Give back exactly the lines of the data below, starting with the line that has "Outdoor Waterproof Switch" and going on through the line that has "FATCAT Baseball Coloring Page".

# SOURCE RECORDS
________________________________________

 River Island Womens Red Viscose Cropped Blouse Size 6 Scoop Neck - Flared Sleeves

________________________________________

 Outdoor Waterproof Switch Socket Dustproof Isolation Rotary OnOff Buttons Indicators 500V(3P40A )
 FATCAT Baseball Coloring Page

________________________________________

# RESPONSE AREA
 Outdoor Waterproof Switch Socket Dustproof Isolation Rotary OnOff Buttons Indicators 500V(3P40A )
 FATCAT Baseball Coloring Page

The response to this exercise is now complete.